I know that we will have a fuller debate later, but much of the Bill has complete agreement across the House and is extremely welcome. The changes to the state pension age seem to have overshadowed many of the other issues in the Bill. As I said on Second Reading, I and many of my Liberal Democrat colleagues were deeply concerned about the effect of these changes on women who are being asked to work significantly longer at short notice.
The hon. Gentleman who has just spoken—I will not repeat his constituency name, as saying it once was an achievement—said that the state pension age has to rise, and I think that we all accept that. We are all living longer. The gains in life expectancy have been significant and are continuing. In 1970, someone reaching 60 could expect to live for 18 years. Last year, that had risen to 28 years. That puts a significant financial burden on the state. By the time I retire, I fully expect the retirement age to be somewhere north of 70. Goodness knows whether there will even be a state pension by that point.

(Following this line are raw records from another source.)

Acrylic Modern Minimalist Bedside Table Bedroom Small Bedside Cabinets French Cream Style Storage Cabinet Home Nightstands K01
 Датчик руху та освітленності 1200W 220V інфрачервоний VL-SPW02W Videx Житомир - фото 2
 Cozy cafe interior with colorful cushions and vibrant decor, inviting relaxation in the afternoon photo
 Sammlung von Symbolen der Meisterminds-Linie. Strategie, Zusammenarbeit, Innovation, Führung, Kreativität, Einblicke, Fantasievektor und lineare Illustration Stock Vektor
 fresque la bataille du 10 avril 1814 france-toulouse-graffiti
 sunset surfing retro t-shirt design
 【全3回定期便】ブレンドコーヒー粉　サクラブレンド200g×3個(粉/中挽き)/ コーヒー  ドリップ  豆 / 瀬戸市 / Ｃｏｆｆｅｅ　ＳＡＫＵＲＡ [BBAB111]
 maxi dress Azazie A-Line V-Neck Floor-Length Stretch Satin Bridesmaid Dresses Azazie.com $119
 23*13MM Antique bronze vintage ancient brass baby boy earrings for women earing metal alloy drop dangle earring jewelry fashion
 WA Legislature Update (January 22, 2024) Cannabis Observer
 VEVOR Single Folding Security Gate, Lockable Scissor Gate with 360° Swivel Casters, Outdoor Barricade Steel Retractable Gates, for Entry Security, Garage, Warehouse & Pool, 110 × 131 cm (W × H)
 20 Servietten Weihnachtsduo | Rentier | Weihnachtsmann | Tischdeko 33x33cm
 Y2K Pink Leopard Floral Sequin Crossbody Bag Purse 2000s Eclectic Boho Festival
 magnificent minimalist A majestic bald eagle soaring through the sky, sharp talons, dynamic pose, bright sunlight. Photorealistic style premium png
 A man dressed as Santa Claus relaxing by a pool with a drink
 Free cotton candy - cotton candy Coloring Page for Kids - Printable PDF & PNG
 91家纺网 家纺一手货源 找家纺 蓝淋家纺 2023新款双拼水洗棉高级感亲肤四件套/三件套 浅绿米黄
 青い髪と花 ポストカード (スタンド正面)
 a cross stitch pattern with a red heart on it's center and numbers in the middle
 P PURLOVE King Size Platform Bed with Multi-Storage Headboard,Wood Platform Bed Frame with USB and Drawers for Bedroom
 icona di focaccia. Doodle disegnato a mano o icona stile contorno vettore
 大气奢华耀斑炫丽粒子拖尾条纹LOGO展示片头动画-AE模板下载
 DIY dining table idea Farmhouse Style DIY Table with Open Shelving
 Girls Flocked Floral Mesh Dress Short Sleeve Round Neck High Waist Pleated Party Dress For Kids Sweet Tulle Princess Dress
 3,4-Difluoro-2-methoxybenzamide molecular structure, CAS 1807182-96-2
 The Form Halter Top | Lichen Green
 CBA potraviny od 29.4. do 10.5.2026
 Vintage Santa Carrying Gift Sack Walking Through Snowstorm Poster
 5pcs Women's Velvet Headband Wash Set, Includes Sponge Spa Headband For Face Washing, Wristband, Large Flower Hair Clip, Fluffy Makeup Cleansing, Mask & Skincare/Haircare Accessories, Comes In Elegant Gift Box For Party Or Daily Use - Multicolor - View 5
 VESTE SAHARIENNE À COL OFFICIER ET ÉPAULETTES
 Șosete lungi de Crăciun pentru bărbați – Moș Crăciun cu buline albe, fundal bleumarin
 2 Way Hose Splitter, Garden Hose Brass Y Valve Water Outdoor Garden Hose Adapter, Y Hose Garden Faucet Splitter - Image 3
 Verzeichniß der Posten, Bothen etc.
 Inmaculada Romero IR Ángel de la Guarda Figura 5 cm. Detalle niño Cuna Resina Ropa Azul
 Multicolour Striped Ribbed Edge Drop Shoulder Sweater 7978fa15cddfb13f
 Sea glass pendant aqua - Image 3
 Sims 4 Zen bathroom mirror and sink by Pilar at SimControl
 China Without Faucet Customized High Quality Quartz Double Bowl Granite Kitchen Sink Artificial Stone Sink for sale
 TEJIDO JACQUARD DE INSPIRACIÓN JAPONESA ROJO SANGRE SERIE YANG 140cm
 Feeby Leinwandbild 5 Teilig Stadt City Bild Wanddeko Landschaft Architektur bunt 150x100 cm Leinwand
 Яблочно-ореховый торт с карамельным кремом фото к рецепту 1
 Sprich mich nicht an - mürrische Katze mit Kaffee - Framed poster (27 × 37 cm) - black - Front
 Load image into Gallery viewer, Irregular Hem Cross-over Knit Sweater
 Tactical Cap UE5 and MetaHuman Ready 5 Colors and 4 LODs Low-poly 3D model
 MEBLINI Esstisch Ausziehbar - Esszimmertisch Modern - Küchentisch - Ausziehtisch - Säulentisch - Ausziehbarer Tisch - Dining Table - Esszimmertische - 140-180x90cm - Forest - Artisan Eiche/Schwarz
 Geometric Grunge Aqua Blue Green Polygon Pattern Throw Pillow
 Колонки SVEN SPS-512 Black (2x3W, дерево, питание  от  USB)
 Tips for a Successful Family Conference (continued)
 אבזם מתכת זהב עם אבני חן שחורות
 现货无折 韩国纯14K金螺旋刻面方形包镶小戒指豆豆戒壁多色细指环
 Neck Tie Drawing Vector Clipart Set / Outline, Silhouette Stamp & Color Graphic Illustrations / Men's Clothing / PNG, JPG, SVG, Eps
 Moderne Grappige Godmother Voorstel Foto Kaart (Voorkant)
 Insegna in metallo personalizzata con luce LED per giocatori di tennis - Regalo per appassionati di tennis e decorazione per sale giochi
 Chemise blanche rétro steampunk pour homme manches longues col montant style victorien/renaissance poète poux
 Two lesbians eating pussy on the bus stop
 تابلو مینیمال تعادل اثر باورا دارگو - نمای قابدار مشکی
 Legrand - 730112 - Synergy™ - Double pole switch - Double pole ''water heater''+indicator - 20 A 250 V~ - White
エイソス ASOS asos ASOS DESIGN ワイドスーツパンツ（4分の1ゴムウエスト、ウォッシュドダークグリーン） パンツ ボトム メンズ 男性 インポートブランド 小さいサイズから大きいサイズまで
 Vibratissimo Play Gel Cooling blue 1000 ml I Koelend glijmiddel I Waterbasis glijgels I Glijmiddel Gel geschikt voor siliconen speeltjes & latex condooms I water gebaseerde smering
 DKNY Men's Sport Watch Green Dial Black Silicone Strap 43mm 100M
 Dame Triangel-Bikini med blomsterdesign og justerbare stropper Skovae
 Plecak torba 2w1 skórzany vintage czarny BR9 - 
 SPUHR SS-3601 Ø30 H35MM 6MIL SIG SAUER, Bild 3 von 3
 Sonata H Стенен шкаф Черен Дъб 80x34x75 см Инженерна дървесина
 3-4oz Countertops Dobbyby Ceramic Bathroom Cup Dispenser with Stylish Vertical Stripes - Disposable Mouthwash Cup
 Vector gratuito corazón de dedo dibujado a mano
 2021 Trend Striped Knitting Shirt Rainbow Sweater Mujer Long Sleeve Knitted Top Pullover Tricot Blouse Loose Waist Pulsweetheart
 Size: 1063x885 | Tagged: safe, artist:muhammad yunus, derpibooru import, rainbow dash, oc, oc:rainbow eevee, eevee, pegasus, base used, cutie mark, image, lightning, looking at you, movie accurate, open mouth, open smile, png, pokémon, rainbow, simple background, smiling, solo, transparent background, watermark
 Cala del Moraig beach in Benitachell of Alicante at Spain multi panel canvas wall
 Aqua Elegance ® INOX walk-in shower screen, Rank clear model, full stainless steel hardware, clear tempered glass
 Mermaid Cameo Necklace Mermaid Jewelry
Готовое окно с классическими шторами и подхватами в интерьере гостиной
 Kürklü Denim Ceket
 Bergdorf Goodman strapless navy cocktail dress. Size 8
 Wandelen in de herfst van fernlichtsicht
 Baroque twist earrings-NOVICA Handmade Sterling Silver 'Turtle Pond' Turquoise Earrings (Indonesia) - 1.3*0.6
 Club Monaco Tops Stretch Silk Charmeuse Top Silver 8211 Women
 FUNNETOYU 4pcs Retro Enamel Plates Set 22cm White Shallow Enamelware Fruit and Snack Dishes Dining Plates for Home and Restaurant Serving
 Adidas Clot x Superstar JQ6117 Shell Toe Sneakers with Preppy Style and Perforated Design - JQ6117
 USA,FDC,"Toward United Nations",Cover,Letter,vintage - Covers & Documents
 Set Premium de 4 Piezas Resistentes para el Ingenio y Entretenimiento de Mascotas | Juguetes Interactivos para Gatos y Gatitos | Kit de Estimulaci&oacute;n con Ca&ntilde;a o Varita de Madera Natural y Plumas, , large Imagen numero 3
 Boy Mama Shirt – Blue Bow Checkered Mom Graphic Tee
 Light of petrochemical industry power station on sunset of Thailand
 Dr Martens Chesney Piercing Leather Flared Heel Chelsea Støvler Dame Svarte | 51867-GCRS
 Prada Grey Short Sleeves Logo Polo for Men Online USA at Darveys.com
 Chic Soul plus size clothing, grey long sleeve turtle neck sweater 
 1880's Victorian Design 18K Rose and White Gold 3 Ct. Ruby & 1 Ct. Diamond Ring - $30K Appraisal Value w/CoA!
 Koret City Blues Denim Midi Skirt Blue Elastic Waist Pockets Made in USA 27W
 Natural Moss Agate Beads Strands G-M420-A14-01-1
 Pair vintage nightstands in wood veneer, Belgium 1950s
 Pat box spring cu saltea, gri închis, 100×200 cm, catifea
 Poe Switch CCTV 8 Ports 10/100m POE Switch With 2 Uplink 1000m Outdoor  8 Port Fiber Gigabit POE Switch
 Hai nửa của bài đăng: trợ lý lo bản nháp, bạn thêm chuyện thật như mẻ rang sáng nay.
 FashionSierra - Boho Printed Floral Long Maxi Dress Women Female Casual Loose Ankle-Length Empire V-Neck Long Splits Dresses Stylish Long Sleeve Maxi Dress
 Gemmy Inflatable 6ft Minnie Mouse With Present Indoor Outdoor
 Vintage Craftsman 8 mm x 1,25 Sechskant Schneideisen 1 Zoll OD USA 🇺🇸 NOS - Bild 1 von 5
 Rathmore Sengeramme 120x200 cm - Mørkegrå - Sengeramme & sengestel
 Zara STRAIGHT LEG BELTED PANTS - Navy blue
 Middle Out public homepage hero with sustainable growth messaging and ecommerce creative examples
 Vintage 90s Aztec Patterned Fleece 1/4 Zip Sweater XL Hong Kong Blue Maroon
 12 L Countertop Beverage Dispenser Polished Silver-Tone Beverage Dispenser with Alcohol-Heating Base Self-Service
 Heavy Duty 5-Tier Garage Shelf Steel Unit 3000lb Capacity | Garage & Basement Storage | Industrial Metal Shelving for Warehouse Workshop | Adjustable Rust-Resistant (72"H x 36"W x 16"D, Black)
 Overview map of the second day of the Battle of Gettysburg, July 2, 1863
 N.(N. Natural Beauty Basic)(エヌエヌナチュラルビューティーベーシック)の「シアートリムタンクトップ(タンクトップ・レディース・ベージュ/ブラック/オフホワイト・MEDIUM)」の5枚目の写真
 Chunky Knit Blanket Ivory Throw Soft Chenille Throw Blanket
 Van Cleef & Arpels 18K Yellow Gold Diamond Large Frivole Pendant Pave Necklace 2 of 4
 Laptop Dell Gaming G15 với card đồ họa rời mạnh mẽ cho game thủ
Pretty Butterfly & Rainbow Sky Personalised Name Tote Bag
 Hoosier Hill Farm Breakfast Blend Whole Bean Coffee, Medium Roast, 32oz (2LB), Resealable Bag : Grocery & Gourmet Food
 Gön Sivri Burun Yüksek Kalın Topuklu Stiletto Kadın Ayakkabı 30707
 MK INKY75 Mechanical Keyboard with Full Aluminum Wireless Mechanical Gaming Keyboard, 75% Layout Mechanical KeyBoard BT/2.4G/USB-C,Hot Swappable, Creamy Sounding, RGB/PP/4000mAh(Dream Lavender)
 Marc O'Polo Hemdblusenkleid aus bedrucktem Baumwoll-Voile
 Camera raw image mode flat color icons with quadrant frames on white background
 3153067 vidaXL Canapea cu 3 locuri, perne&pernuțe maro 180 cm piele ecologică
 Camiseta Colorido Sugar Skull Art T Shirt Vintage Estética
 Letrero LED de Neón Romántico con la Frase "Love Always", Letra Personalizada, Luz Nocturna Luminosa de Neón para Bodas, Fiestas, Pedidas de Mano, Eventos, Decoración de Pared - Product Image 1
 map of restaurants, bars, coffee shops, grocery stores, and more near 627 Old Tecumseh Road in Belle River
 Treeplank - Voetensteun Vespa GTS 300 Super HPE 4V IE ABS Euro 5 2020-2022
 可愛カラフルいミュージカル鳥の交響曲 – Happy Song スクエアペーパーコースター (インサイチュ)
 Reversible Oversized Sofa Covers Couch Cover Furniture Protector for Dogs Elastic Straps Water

When we are increasing the state pension age, we need to ensure that it is done as fairly as possible. I and my colleagues, a number of whom are present, have been vocal in our efforts to change the timetable. I know that the Minister and his colleagues in the Department for Work and Pensions have been actively working within Government to ensure that the timetable is fairer and that those who are worst affected by the changes are protected. In my view, the initial draft timetable was not fair to the women who were worst affected. I am pleased that the Government have listened to the concerns that were raised by many people and have tabled today’s amendments. I am sure that the Minister will tell us more about them in his summation.